1. In a single instruction stream, multiple data stream (SIMD) processor having an input unit and manipulation units, a selective data manipulation architecture for selecting portions of an input vector, containing data, to be manipulated comprising: a memory unit (40) for storing data; an arithmetic unit (42) for mathematically operating on the data; a memory address generation unit (32) including an address register (34) for identifying the address, in said memory unit (40), of a selected portion of a particular input vector; a counter (38) for counting the number of memory addresses in a particular input vector; a rotation register (36) for providing an address in said memory unit (40) of a selected portion of a particular input vector; and an adder for computing the next memory address; said memory address unit (32) providing the selected portion of particular input vectors to said arithmetic unit (42).

2. The architecture of claim 1 wherein said selected portions of the input vector comprise zero-value blocks (52) and wherein said rotation register (36) includes means for providing a data-void address in said memory unit if and only if all of the entries in the data block are zero.

3. The architecture of claim 2 wherein said memory address unit includes means for providing zero-value data blocks to said arithmetic unit to simulate the data blocks having the data void addresses during a memory read operation.

4. The architecture of claim 1 which includes means for predetermining which portions of the input vectors are selected for manipulation by the architecture.

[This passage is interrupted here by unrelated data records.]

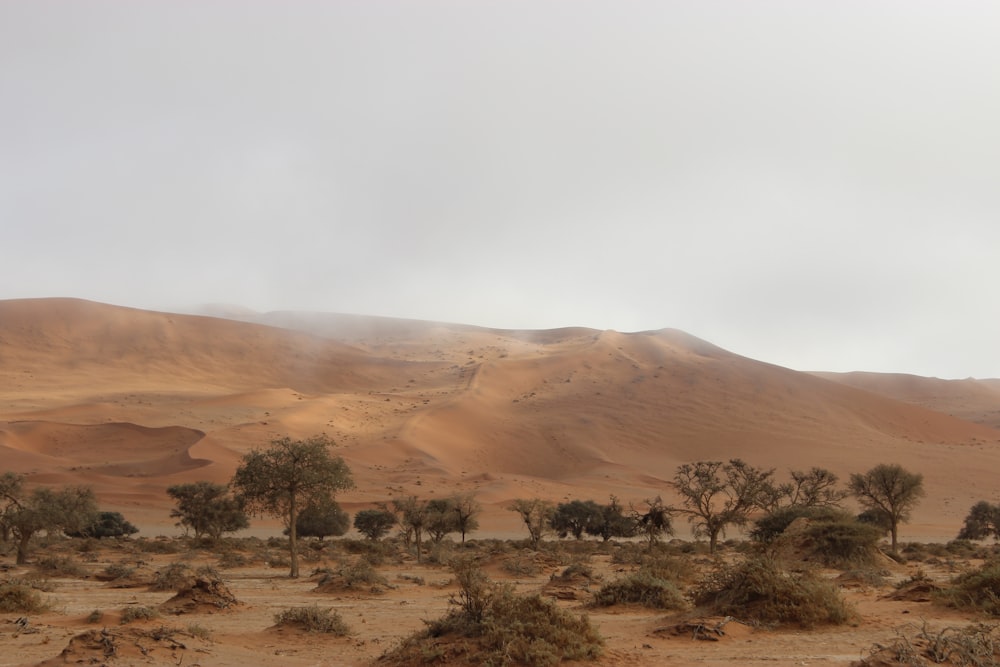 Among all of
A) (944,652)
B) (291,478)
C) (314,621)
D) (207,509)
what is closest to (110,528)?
(207,509)

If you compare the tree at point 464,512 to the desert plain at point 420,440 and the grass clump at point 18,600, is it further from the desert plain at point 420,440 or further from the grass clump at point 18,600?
the grass clump at point 18,600

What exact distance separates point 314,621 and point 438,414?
62255mm

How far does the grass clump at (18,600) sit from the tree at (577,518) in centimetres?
3236

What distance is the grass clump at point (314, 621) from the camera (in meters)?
11.7

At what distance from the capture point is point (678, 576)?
17344mm

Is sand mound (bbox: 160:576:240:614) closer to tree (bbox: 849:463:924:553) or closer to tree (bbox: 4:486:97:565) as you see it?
tree (bbox: 4:486:97:565)

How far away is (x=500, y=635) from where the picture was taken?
8.60 m

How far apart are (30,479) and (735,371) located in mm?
69390

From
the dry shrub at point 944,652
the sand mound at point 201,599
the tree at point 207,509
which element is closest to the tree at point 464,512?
the tree at point 207,509

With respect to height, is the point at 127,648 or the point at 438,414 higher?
the point at 127,648

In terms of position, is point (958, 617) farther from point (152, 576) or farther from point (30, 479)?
point (30, 479)

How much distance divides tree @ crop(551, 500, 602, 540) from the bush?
2907 cm

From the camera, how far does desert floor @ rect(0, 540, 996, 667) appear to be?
948 centimetres

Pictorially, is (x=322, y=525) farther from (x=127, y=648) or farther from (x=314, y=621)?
(x=127, y=648) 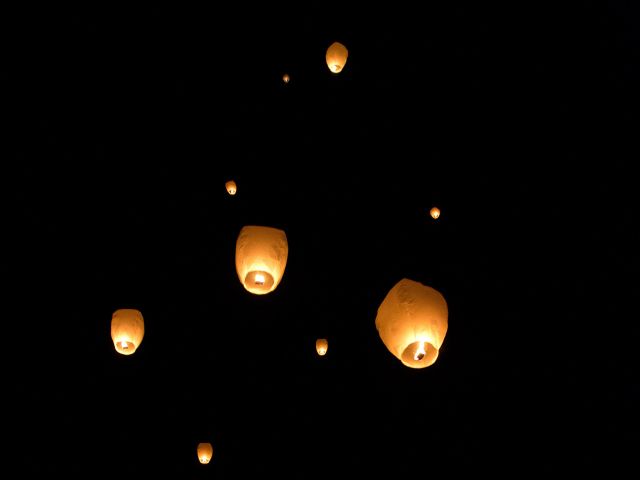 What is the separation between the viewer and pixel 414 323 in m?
1.61

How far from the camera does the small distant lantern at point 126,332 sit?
230 centimetres

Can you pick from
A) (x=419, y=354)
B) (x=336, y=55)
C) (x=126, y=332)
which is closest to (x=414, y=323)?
(x=419, y=354)

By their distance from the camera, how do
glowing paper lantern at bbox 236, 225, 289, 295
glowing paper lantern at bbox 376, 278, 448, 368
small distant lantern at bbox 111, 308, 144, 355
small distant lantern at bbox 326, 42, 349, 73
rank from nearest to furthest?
glowing paper lantern at bbox 376, 278, 448, 368, glowing paper lantern at bbox 236, 225, 289, 295, small distant lantern at bbox 111, 308, 144, 355, small distant lantern at bbox 326, 42, 349, 73

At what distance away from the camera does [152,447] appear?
318cm

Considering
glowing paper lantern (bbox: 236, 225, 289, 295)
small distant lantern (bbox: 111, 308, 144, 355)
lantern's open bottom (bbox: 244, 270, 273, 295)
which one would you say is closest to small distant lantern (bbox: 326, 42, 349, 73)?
glowing paper lantern (bbox: 236, 225, 289, 295)

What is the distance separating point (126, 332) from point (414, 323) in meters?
1.39

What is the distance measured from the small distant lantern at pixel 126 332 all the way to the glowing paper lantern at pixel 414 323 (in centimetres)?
125

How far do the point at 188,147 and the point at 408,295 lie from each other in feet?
8.74

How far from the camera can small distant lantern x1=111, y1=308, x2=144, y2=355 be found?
230 cm

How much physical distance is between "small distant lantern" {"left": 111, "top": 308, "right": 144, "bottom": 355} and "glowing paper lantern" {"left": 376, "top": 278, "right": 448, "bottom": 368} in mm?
1247

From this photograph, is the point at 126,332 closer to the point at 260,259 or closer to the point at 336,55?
the point at 260,259

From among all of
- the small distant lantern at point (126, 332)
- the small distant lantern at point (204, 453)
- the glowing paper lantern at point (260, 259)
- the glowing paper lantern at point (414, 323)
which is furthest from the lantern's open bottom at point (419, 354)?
the small distant lantern at point (204, 453)

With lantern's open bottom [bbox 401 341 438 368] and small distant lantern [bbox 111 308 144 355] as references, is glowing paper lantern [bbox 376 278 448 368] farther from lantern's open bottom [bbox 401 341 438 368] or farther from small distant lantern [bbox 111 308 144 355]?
small distant lantern [bbox 111 308 144 355]

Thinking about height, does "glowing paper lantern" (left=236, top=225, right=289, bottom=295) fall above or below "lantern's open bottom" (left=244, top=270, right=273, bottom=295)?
above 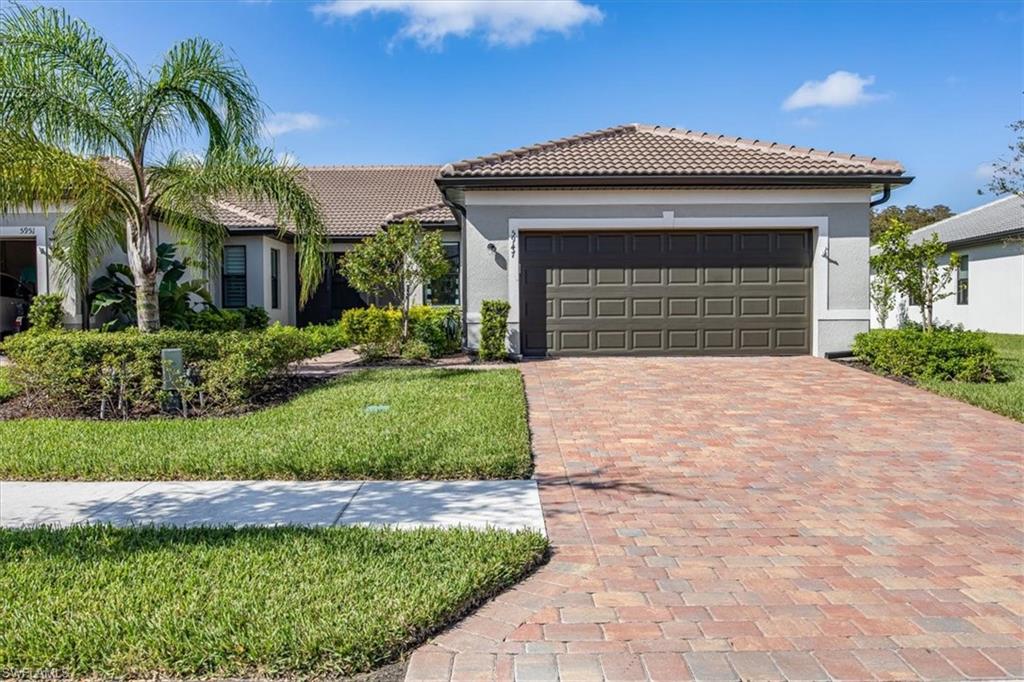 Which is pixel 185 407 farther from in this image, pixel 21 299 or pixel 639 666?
pixel 21 299

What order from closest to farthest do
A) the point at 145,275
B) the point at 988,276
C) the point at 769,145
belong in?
the point at 145,275
the point at 769,145
the point at 988,276

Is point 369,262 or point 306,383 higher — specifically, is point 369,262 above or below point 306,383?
above

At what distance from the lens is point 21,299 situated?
18.2 m

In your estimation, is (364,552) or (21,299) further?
(21,299)

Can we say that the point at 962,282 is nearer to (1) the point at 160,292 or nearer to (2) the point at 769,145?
(2) the point at 769,145

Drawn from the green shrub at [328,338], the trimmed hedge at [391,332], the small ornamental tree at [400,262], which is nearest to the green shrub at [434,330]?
the trimmed hedge at [391,332]

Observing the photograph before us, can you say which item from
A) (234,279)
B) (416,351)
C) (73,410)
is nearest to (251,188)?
(73,410)

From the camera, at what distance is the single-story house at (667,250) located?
44.0 ft

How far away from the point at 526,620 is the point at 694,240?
37.7 feet

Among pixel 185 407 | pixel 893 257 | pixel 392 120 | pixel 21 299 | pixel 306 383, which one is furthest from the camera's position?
pixel 21 299

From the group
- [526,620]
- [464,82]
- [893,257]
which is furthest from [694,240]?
[526,620]

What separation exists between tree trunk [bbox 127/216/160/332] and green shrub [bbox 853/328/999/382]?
11.8m

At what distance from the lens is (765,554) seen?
425 cm

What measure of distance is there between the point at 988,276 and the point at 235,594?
25.9 m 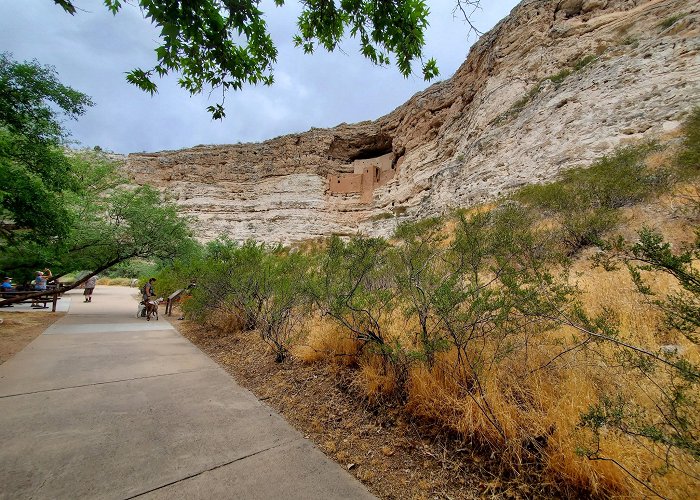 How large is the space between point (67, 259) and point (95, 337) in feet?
15.0

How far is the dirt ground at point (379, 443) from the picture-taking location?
5.46ft

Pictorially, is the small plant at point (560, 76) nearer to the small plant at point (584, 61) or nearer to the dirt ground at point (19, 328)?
the small plant at point (584, 61)

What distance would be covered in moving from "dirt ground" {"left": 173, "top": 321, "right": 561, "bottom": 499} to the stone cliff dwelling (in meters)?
24.3

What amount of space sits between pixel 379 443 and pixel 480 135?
58.9ft

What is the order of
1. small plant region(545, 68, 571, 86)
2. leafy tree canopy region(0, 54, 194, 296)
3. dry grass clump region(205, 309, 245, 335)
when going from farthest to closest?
small plant region(545, 68, 571, 86) → dry grass clump region(205, 309, 245, 335) → leafy tree canopy region(0, 54, 194, 296)

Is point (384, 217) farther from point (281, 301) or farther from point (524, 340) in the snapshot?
point (524, 340)

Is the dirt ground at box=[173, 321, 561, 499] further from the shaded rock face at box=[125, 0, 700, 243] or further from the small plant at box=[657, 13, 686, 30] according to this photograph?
the small plant at box=[657, 13, 686, 30]

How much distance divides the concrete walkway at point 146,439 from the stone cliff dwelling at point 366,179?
24.5 m

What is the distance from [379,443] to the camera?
2.11 m

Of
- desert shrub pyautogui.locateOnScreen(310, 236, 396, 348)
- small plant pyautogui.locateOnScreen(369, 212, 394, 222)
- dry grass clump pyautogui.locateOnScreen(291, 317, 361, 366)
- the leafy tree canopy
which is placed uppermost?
small plant pyautogui.locateOnScreen(369, 212, 394, 222)

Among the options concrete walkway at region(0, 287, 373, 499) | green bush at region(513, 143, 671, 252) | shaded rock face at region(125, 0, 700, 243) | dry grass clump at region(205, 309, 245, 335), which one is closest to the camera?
concrete walkway at region(0, 287, 373, 499)

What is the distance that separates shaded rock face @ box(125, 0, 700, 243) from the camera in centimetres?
1071

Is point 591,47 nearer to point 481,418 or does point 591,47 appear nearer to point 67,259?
point 481,418

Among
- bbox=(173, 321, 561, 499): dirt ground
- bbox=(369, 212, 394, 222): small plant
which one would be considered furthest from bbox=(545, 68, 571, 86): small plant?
bbox=(173, 321, 561, 499): dirt ground
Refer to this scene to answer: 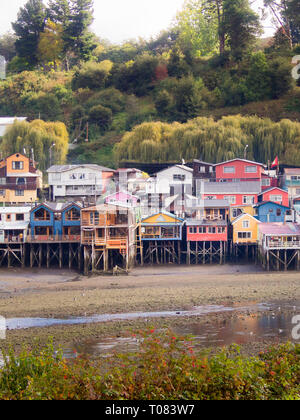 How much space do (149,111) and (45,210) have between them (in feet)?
109

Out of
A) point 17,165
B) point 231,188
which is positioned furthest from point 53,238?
point 231,188

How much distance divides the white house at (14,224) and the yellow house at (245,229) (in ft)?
41.4

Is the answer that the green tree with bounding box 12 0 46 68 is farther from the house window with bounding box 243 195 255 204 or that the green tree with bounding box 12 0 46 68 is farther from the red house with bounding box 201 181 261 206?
the house window with bounding box 243 195 255 204

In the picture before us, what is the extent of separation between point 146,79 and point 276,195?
34842 millimetres

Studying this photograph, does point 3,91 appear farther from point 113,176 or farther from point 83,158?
point 113,176

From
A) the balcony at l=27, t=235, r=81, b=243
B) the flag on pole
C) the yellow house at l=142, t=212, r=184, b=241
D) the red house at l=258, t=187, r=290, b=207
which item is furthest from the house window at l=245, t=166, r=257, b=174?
the balcony at l=27, t=235, r=81, b=243

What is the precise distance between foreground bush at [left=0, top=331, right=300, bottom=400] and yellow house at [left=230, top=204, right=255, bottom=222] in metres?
25.3

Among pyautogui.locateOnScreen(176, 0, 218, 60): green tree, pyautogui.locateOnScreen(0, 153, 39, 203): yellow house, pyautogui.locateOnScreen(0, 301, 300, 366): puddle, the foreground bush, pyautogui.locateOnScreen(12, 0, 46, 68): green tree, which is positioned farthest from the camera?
pyautogui.locateOnScreen(176, 0, 218, 60): green tree

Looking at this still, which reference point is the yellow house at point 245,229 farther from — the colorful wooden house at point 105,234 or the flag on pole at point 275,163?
the flag on pole at point 275,163

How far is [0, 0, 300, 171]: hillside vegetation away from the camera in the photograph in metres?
58.1

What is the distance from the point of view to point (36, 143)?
4922 centimetres

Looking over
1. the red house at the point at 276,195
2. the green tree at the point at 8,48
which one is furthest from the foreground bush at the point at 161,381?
the green tree at the point at 8,48

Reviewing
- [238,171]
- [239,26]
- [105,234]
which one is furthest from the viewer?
[239,26]

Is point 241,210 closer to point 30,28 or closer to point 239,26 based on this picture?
point 239,26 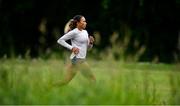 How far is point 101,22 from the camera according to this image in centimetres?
3778

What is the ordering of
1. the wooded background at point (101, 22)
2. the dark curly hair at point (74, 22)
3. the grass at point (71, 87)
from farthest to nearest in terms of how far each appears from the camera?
the wooded background at point (101, 22)
the dark curly hair at point (74, 22)
the grass at point (71, 87)

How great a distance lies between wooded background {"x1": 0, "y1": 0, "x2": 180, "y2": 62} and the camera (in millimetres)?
36188

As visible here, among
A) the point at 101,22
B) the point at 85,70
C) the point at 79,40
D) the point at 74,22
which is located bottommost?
the point at 85,70

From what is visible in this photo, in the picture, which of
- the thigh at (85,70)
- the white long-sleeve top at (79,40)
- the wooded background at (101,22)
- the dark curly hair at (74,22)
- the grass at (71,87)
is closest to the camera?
the grass at (71,87)

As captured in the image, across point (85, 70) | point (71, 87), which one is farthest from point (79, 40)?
point (71, 87)

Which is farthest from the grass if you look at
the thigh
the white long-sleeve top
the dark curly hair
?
the dark curly hair

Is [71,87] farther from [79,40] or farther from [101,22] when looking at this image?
[101,22]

5. The architecture of claim 1 wherein said memory unit includes a predetermined number of data storage blocks, and said rotation register (36) is partitioned into a like predetermined number of segments, each of which corresponds to a predetermined partition of said memory unit.

6. In a single instruction stream, multiple data stream (SIMD) processor having an input unit and manipulation units, a virtual-zero architecture for compressing zero-value data blocks comprising: a memory unit (40) for storing data; an arithmetic unit (42) for mathematically operating on the data; a memory address generation unit (32) including an address register (34) for identifying the address, in said memory unit, of a particular data block; a counter (38) for counting the number of memory addresses in a particular data block; a rotation register (36) for providing a data-void address in said memory unit if and only if all of the entries in the data block are zero; and an adder for computing the next memory address; said memory address unit (32) providing zero-value data blocks to said arithmetic unit (42) to simulate the data block having the data-void address.

7. In a single instruction stream, multiple data stream (SIMD) processor having an input unit and mampulation units, a selective data manipulation architecture for selecting portions of an input vector, containing data, to be manipulated comprising: a memory unit (40) for storing data; an arithmetic unit (42) for mathematically operating on the data; a memory address generation unit (32) including means for predetermining which portions of the input vectors are selected for manipulation by the architecture an address register (34) for identifying the address, in said memory unit, of a selected portion of a particular input vector; a counter (38) for counting the number of memory addresses in a particular input vector; a rotation register (36) for providing an address in said memory unit (40) of a selected portion of a particular input vector; and an adder for computing the next memory address; said memory address unit (32) providing the selected portion of particular input vectors to said arithmetic unit.

8. The architecture of claim 7 wherein said memory unit (40) includes a predetermined number of data storage blocks, and said rotation register (36) is partitioned into a like predetermined number of segments, each of which corresponds to a predetermined partition of said memory unit.